WHAT THE TASK REQUIRES
Please write out exactly the lines from the one with "Walking By Faith" through the end of the data below, both ends included, and omit any pictures.
□ □ □ □ □
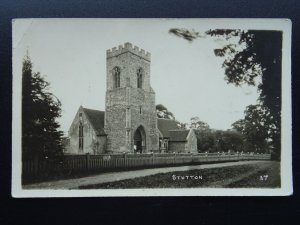 Suffolk Ipswich STUTTON St Peter's Church - Old RP Postcard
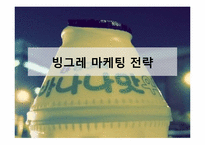빙그레 마케팅전략-1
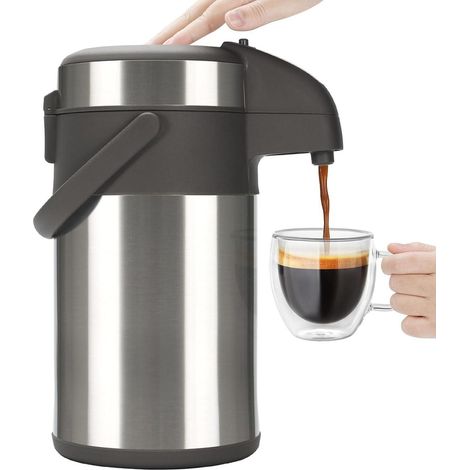 Olerd 3,0 Liter Pump Thermoskanne Edelstahl Kaffeespender Vacuum Isolierkanne (1/5)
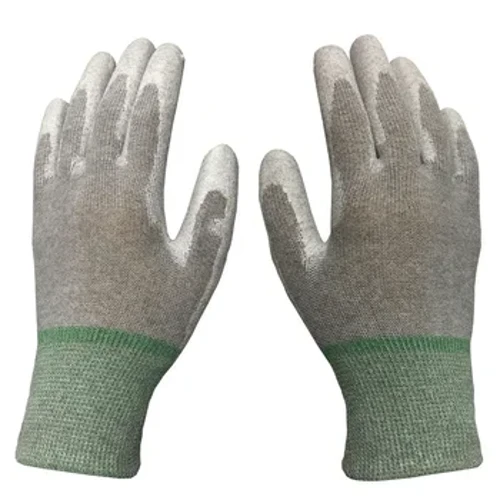Pag-aayos ng Mobile Phone ESD Anti Static PU Painted Carbon Fiber Gloves Electronic Screen PCB Soldering Working Hand Protector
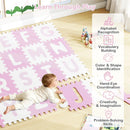 26 Pieces Interlocking ABC Play Mats with Detachable Letters by LJGDeals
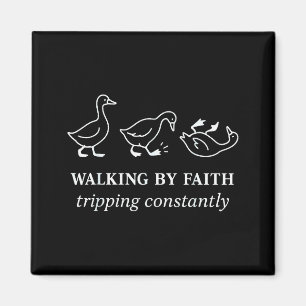Walking By Faith Tripping Constantly Christian Jes Magnet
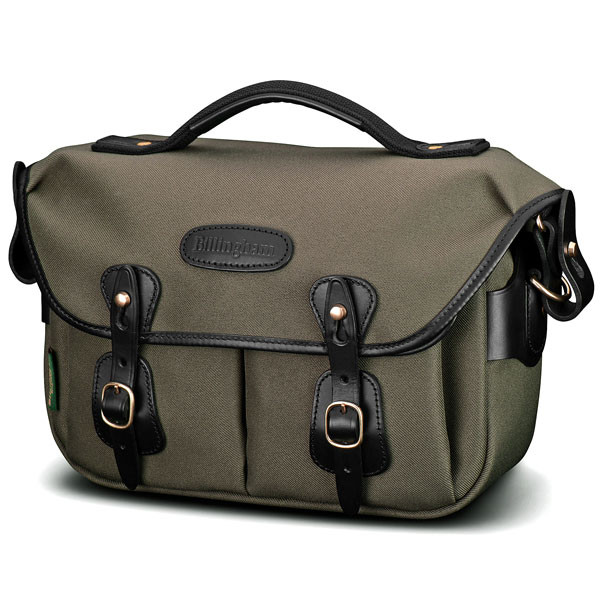 Billingham Hadley Small Pro Sage (FibreNyte) / Black (Leather)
□ □ □ □ □
TASK RESULT
Walking By Faith Tripping Constantly Christian Jes Magnet
 Billingham Hadley Small Pro Sage (FibreNyte) / Black (Leather)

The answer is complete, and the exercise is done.